I think in cartooning, the difference in usage, actually, is that the end user has more and more image to consume. So there is movement, moving images, more and more everywhere, everywhere, everywhere, everywhere. The cartoon allows you to have flexibility in creation, to draw almost anything you want. We don’t need a filming location, for example, we draw it and we have it. For now, there are really more and more needs for animated images, whatever the medium. Indeed, 5G makes it possible to have an even more fluid image rate. So obviously, with the arrival of 5G, there will be more and more images to create, it’s obvious, things are no longer fixed on the mobile phone. Things are going to move all the time because people need to have eye-catching content. They need to be the first to be seen, so it’s obvious that there will be animated images, moving things, there will be more and more of them on more and more platforms. Unfortunately for the planet…

So, if ever in my company, I could employ someone with this master’s degree, I think I would find someone who would develop the tools, to allow my work to be optimized. For the moment, I am not someone who does foresight. So the employees I have are all technical specialists, technicians in fact.

My company being on a traditional architecture of manufacturing cartoons, we do not yet have the visualization of the interest of this position, and we are companies with many, many employees, therefore a pyramid system which is quite important. And I think that master’s students like that, precisely, should be innovative. They don’t have to be in a company that already has work methodologies because they’re the ones who are going to put them in place. I imagine more that these students, once out, will have to create their own projects, to take the risks and to be business leaders, or to join companies which are already multidisciplinary and know how to take risks. In cartoons, we have an industry that has already very fixed habits and customs and so I don’t know at all if that corresponds to the way engineers work.

General culture, image culture in general. The young people I meet coming out of school know very little about what is going on around them. They have a culture that is linked to television and have few things, in cartoons anyway, it’s a very particular lexical field. But they stop in the cartoon, they don’t see above, they don’t see elsewhere. However, there are so many things in immersion with glasses, video projections on different types of media, the body, space, drops of water, there are so many different things in which animation could develop that often, I think about this technology watch, it’s not very strong in the cartoon. It’s really something I regret.

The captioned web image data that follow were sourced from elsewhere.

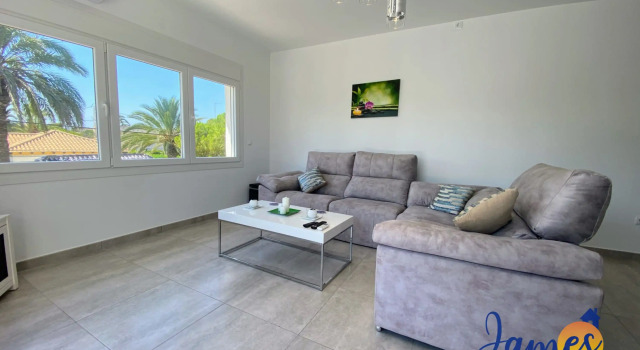 Cabo Roig Penthouse  close to the beach sleeps 8 LZ4, Забронировать Апартаменты/квартира Кабо-Рой Коста-Бланка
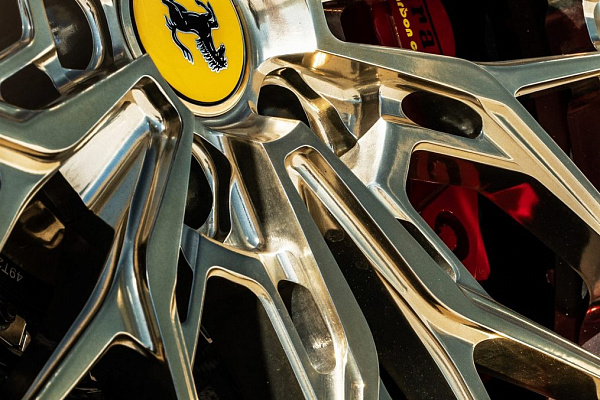 Фото дисков Anrky S3-X1 Глянцевое золото на Ferrari F8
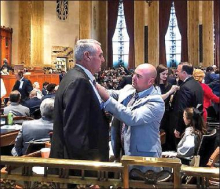 Representative Rodney Schamerhorn takes oath of office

Animation is not a Fine Arts discipline and philosophical research around the image of art is not at all specific to the world of animation. In the industry, it’s okay, it’s OK like that. For us, what we find for the moment is good, the fact that people are not more curious, for our work, they have the curiosity that interests us, for the moment. When we go to recruit people, they have seen all the cartoons that it would have been possible to see anyway. But that stops at the cartoon. And it’s true that in “creative media”, on the other hand, that’s not possible, you have to go further.